Fitz admits, “It’s an experiment.”

The company was already paying to manage its own fleet claims. In fact, it repatriated the work from different law firms across the U.K. to get better efficiency and build a more uniform, consistent service across the country, so it was a chance to leverage that investment.

“We don't accept conflicted work,” Fitz notes. “Our first priority is to look after BT.” For example, it’s a service that a courier or delivery service with a fleet of vehicles could tap.

He likens it to a private labeling service for insured and uninsured claims. “We’ve got extra capacity.”

“It’s a long burn,” he says of the law firm’s development, “but does it take in more than what goes out? The answer is yes.”

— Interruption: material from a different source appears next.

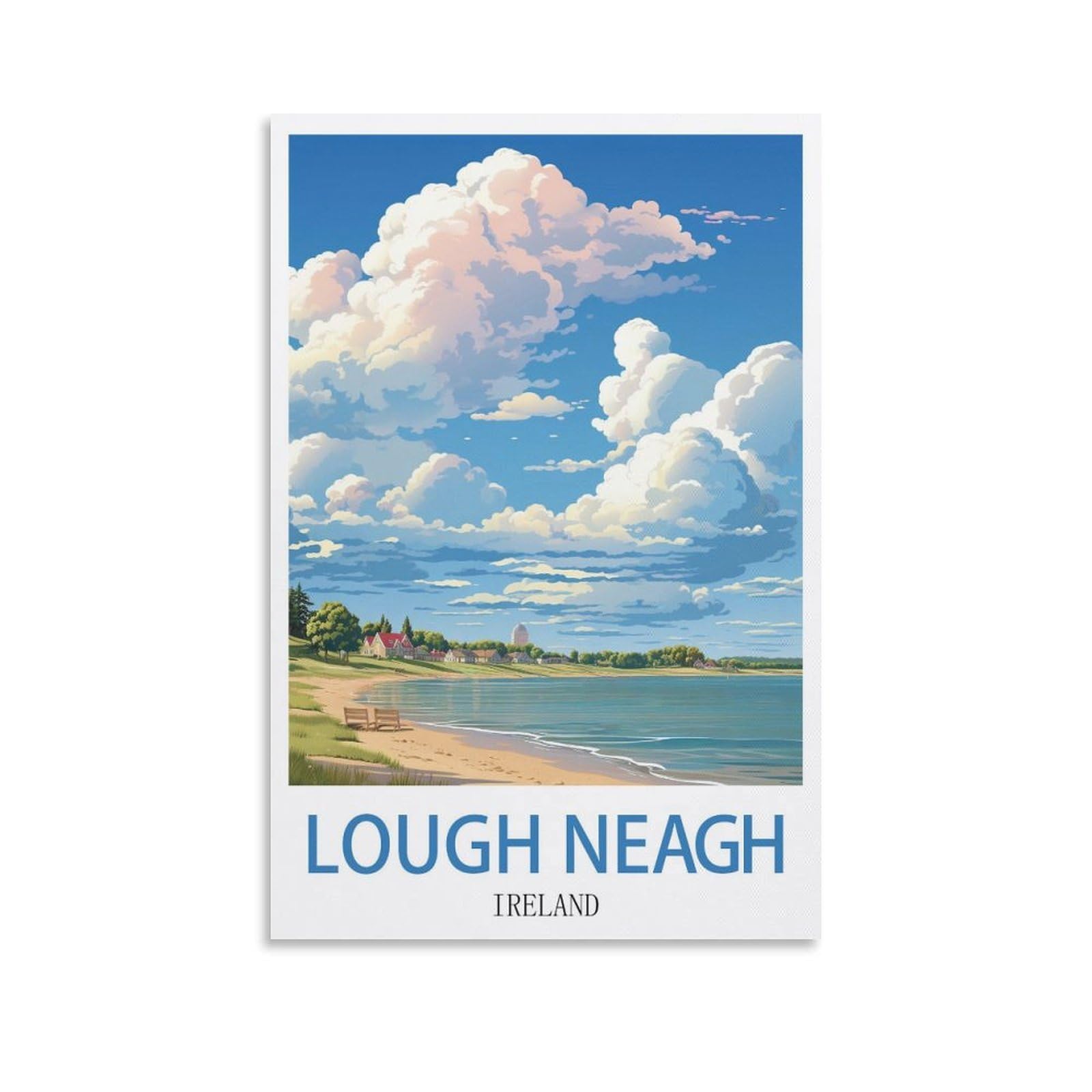 EZMLFA Diamond Painting Kits for Adults,Lough Neagh Ireland 5D Diamond Painting Kit for Adults Beginners, DIY Full Round Drill Gem Art Kits for Home 40x50cm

He says managing claims in-house for BT’s fleet delivers benefits at the EBIDTA level to BT in “the low millions,” noting that BT vehicle-related claims brought in £14 million last year.

There have been additional benefits to the creation of BT Law. “One of the non-financial benefits is that the team thinks like a business now,” he says.

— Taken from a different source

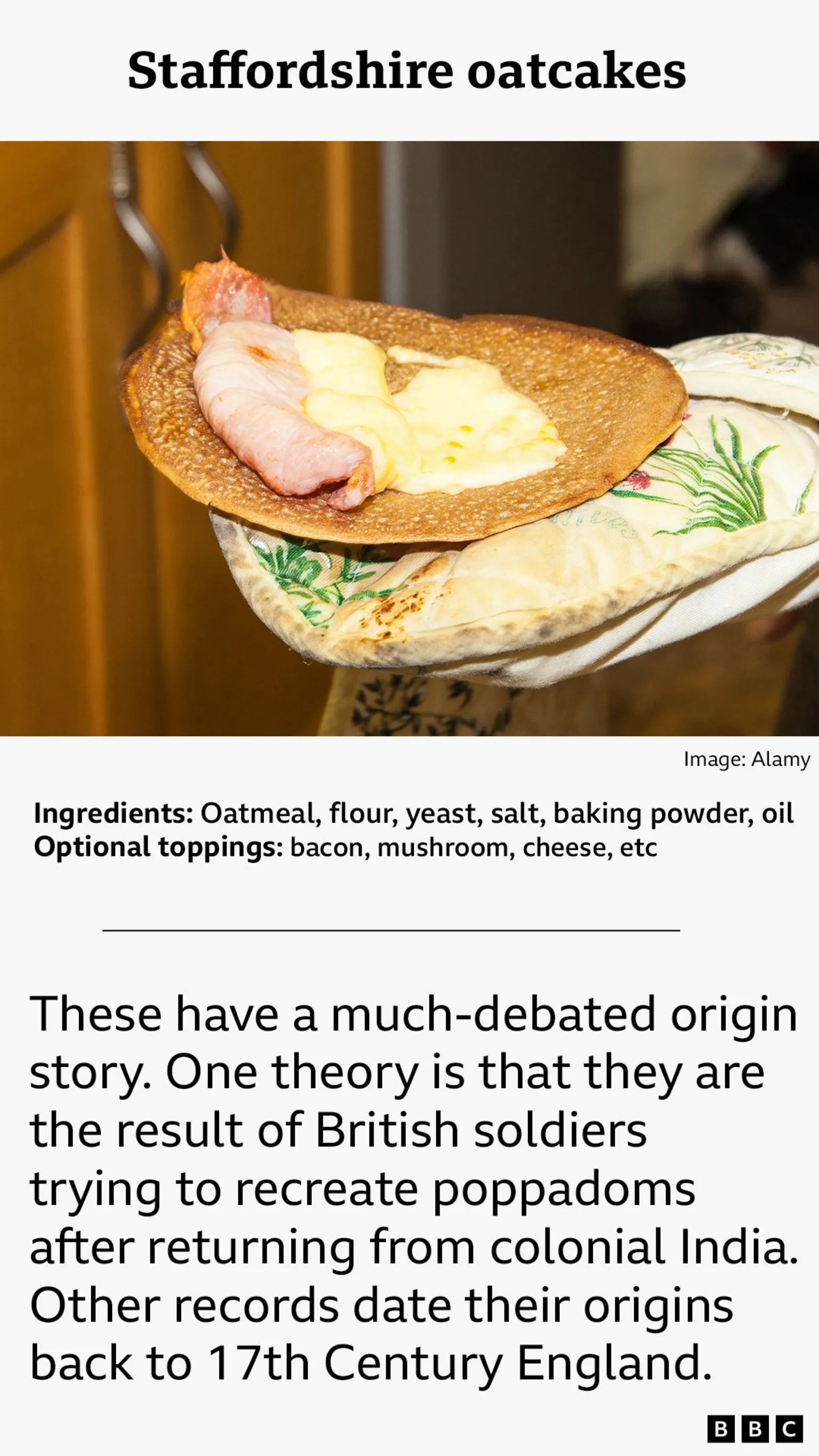 Recipe card for Staffordshire oatcakes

Then there’s DuPont Company, the 800-pound gorilla when it comes to evolving a law department. In the 1990s, it revamped the way it delivered legal services and the role of the law department under then General Counsel Tom Sager, who is now in private practice at the U.S. law firm Ballard Spahr LLP.

That included employing what it called a loss recovery program to shift the needle on how law departments approached revenue generation and the lawyer’s role in it. In an interview, Sager explains that “every practice area was assigned a leader to identify opportunities for recovery.”

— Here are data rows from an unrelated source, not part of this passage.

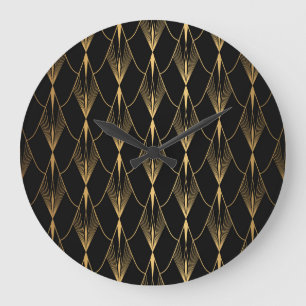 Art Deco: Nahtloser schwarzer Gold Luxus Große Wanduhr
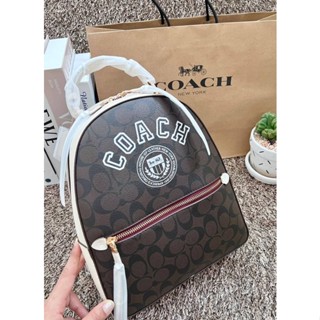 COACH JORDYN BACKPACK IN SIGNATURE CANVAS WITH VARSITY MOTIF((CB871)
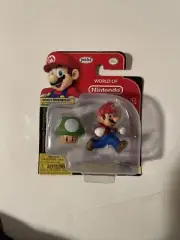 Super Mario w/ Bonus Green Mushroom - Jakks World of Nintendo Action Figure 4"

It meant adopting the “mindset of a plaintiff attorney” and looking for wrongdoers, he says. No stone was left unturned and everything from seeking recovery in bankruptcy to anti-trust suits, commercial spats with business suppliers, mistakes and insurance claims were fair game.

He calls it a “programmatic” effort, rather than ad hoc. It has to be a “very data driven, disciplined process,” he says of assessing claims, noting that when a company threatens to sue customers or suppliers, the latter can “get their back up.”

However, the focus wasn’t litigation. In fact, very few of the matters ended up in court. Most were settled through negotiations and arbitration. The attention was on enforcing the company’s rights under existing contracts and laws.

The key, he says, is that the claims must be legitimate. Those brought forward were “well documented” and in some cases brought recovery within a matter of months.

“Some of these recoveries were quite large,” he says. For instance, there was a US$30-million recovery over a power outage that shut down production. Many were also routine, such as overbilling, being charged improper taxes, delivery of defective goods and accident claims.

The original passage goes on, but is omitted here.